Word Embeddings

Definition

Dense, low-dimensional real-valued vector representations of tokens where geometric proximity encodes semantic and syntactic similarity; learned from large corpora without explicit supervision.

Intuition

One-hot vectors have no notion of similarity; word embeddings capture that “king” and “queen” are more similar than “king” and “table”; the vector arithmetic $king - man + woman \approx queen$ reveals that linear structure encodes semantic relationships.

Formal Description

Word2Vec: two tasks for training embeddings — (a) Skip-gram: predict context words given center word; (b) CBOW: predict center word from context; objective: maximize $\sum lo g P (context ∣ center)$ ; embedding matrix $E \in R^{d \times ∣ V ∣}$ ; $e_{w} = E \cdot o_{w}$ where $o_{w}$ is one-hot.

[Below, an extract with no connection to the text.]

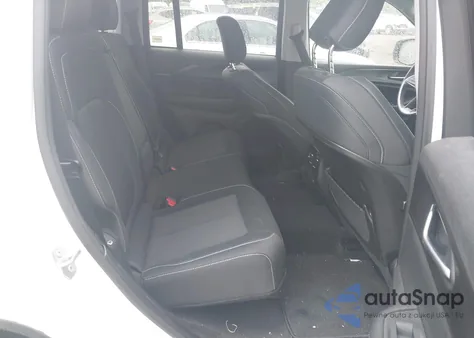 2023 Jeep Grand Cherokee Laredo 4X4 from USA, damaged, VIN 1C4RJHAG9PC548456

Negative sampling: approximate the full softmax over $∣ V ∣$ words by sampling $k$ “negative” words for each positive context pair; loss: $lo g σ (u_{c_{0}}^{⊤} v_{w}) + \sum_{j = 1}^{k} lo g σ (- u_{c_{j}}^{⊤} v_{w})$ ; $k = 5$ – $20$ for small datasets; dramatically reduces computation from $O (∣ V ∣)$ to $O (k)$ .

GloVe: instead of local window predictions, factorize the global co-occurrence matrix $X$ ; objective: $\sum_{i, j} f (X_{ij}) (w_{i}^{⊤} \tilde{w}_{j} + b_{i} + \tilde{b}_{j} - lo g X_{ij})^{2}$ where $f$ is a weighting function; captures global statistics directly; typically faster to train on large corpora.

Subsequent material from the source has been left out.